Krishna told Bloomberg that despite announcing in January the layoff of about 1.5 percent of its global workforce – which should reach about 5,000 workers once done – the vendor has hired about 7,000 people during the first quarter.
Krishna also told Bloomberg that he believed until late 2022 that the U.S. could avoid a recession. Now, however, he predicts a “shallow and short” recession toward the end of 2023, according to Bloomberg.
This aligns with comments Krishna made during IBM’s latest quarterly earnings report, held in April. Krishna said on the earnings call that in the U.S., IBM “did see some slowing down in consulting projects,” but no project cancellations.
“I want to caution that weaknesses are shrinking,” he added on the call. “Double-digit rates just went down into 6 to 8 percent, which is still healthy.”
He believes the consulting slowdown could spread globally, but it should not spread into the software segment, whose demand remained “very steady.”

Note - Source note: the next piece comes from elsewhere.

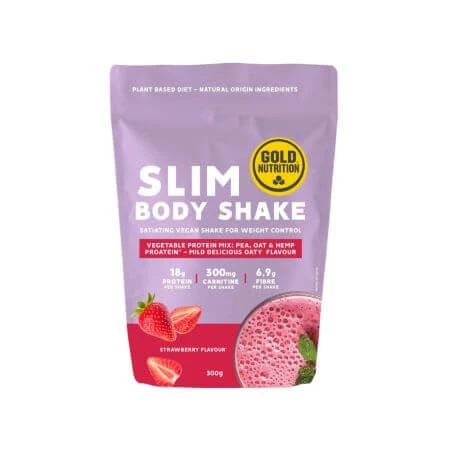 Slim Body Erdbeer-Shake, 300 g, Gold Nutrition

“We are not seeing any signs of weakness in software,” he said, noting that IBM sells only business-to-business software, nothing consumer-facing.
Krishna said on the earnings call that, in his view, “a lot of the uncertainty that is in the media” in North America is not present in Japan, India, the Middle East and other parts of Asia.
Europe has “actually been stronger than I would have predicted six months ago,” he said.
“When we look at the mixture of interest rates, inflation, wage inflation, demographic – meaning labor shortages – supply chain resiliency, cyber, technology is actually the only answer companies have against all that. Now that does apply to the larger enterprises, who are our primary customers.”
As for the IBM worker replacements, automation can replace tasks such as providing employment verification letters or moving employees between departments, but it won’t replace more complex tasks such as evaluating workforce composition and productivity – at least for another decade, Krishna told Bloomberg.